Solid Sterling Silver
3/4"x 1/2" pendant on a chain.
A unique design that incorporates two classic Celtic symbols: the shamrock of Ireland and the ancient trinity knot. In solid sterling silver. Matching earrings available.
So how did the shamrock become an emblem of Ireland?
It wasn't until the 17th century that it became the custom to wear the shamrock on the feast of Ireland's patron saint; until then, the Irish wore a special St. Patrick's cross, made just for the occasion. Then, in the late 18th century, the shamrock was adopted as an emblem by the Volunteers of 1777. But it didn't really become widely popular until the 19th century, when the emerging Nationalist movements took the shamrock, along with the harp, as one of their emblems. Viewed as an act of rebellion in Victorian England, Irish regiments were forbidden to display it. This one single act may have done more to establish the shamrock as Ireland's national emblem than anything else.

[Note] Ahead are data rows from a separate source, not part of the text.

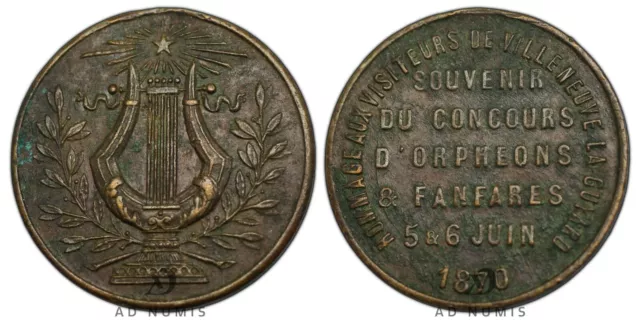 France Token Memory Competition D' Corps And Fanfares, 5 And 6 June 1870 brass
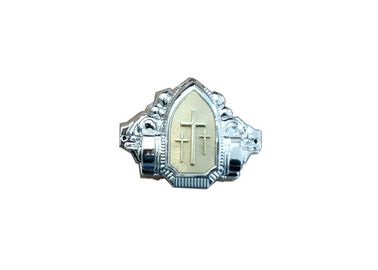 Customized Cross Piece Coffin Parts With Gold Cross Slice Copper Color ABS Material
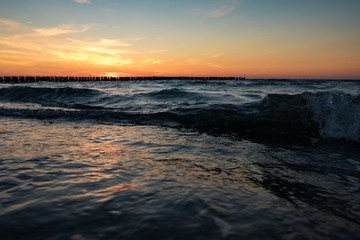 Sonnenuntergang am der Ostsee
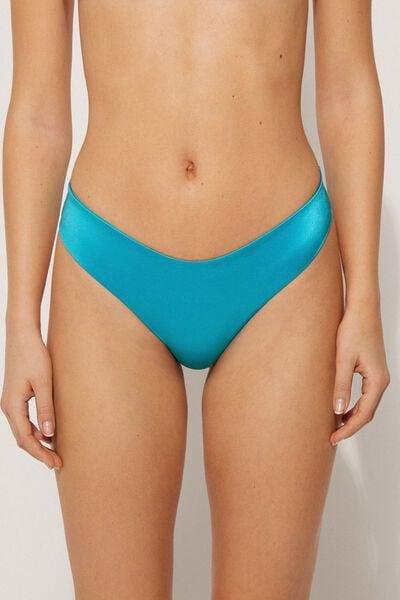 Blue High-Leg Brazilian Bikini Briefs, 5701_524Y, large image number 0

Today, the shamrock is firmly established as the most instantly recognizable emblem of Ireland. For good luck, it's usually included in the bouquet of an Irish bride, and also in the boutonniere of the groom. It's the symbol of a quality B & B that's earned the right to display it. And, it's also an integral part of an old tradition called "drowning the shamrock." This takes place on St. Patrick's Day, when the shamrock that has been worn in the hat or lapel is removed and put into the last drink of the evening. A toast is proposed and then, when the toast has been honored, the shamrock is taken from the bottom of the glass and thrown over the left shoulder.